Enhancing autonomous driving: leveraging frame‐based foundation models for improved pedestrian detection and sensor fusion

Table of Contents

Course project of Computer Vision by Deep Learning (CS4245)

Authors: Alexandru-Dragos Manolache, Andrei-Carlo Papuc

Introduction #

Autonomous driving refers to the ability of vehicles to navigate roads without the intervention of a human. It relies on a combination of computer vision models (i.e. predictions on RGB cameras) and remote sensing technologies (e.g. LiDAR, RADAR) to allow the vehicle to understand its surroundings, with the goal of outperforming and ultimately replacing humans behind the wheel.

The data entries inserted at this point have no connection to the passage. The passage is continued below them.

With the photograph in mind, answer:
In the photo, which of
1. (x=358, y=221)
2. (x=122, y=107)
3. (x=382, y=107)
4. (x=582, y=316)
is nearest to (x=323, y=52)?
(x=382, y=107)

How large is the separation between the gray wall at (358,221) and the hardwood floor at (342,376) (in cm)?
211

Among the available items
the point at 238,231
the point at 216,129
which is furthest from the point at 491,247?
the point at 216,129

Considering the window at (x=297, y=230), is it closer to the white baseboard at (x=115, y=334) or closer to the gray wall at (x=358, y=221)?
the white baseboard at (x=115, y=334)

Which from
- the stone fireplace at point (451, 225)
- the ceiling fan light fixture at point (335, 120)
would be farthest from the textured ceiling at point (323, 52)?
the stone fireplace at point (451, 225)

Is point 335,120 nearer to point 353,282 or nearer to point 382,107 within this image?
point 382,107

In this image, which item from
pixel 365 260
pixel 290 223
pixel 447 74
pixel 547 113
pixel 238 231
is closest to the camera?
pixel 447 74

One of the key challenges in autonomous driving is detecting pedestrians with an accurate and reliable method. A computer vision model (e.g. YOLO[1]), trained on driving datasets, is used for creating an initial, slightly inaccurate detection of a 2D bounding box around a pedestrian. Other sensor modalities like LiDAR and RADAR are then employed to improve the bounding box detections, relying on hand-crafted calculations for more accurate region proposals. This method is called sensor fusion and is the general solution emplyed by current self-driving vehicles. Additionally, learned sensor fusion is presented in state of the art methods (e.g. InterFuser[5]), where a transformer model directly learns features from multiple modalities of sensor data.

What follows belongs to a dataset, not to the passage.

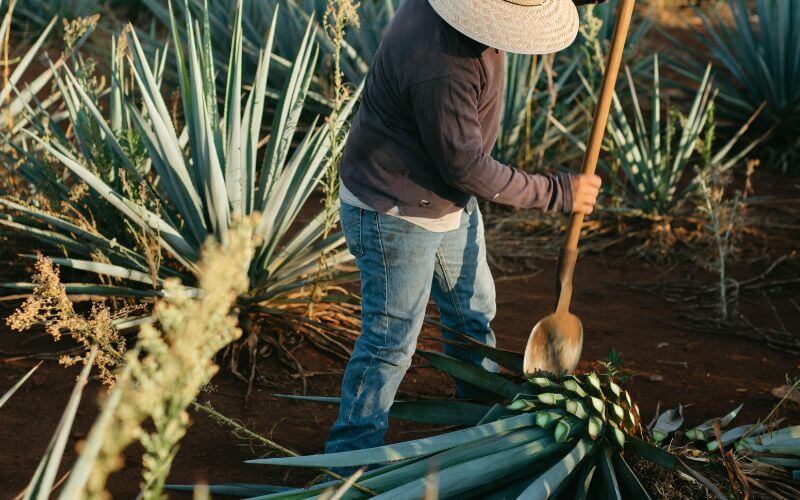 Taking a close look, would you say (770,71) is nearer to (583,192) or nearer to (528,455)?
(583,192)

Generally, models employed on self-driving cars are trained on driving datasets that posses a key features not present in usual datasets like ImageNet[2] and COCO[3]. The visual content differs, there are lots of correlations between consecutive frames, and ultimately they are sampled with additional LiDAR and RADAR data.

Motivation #

Foundational models learn and generalize from large-scale image datasets created by scraping the entire web, meaning driving-related images (e.g. dashcam footage) could be part of the model’s knowledge.

Segment Anything Model (SAM)[8] is such a model trained on 11 million images and can perform image segmenations with complex point prompts on any image.
Grounding Dino[6] is another powerful foundational model that performs zero-shot detection using natural language as input.
YOLO-NAS[7] provides real-time object detection with a neurally optimized architecture.

With current advancements in foundational computer vision models, they could improve sensor fusion pipeline by increasing initial pedestrian detection accuracies and better complement the hand-crafted sensor fusion step.

Main Task #

This blog explores the possibility of using foundational computer vision models for pedestrian detection. It further investigates to what degree pedestrian detection can be improved using either hand-crafted sensor fusion or learned sensor fusion.

Research questions #

This blog aims to answer the following questions:

1. Can foundational models’ implicit knowledge of driving-related images be leveraged for accurately detecting 2D pedestrians?

2. How well do foundational models detect pedestrians in 3D, relative to the autonomous vehicle?

3. How does learned sensor fusion compare to hand-crafted sensor fusion?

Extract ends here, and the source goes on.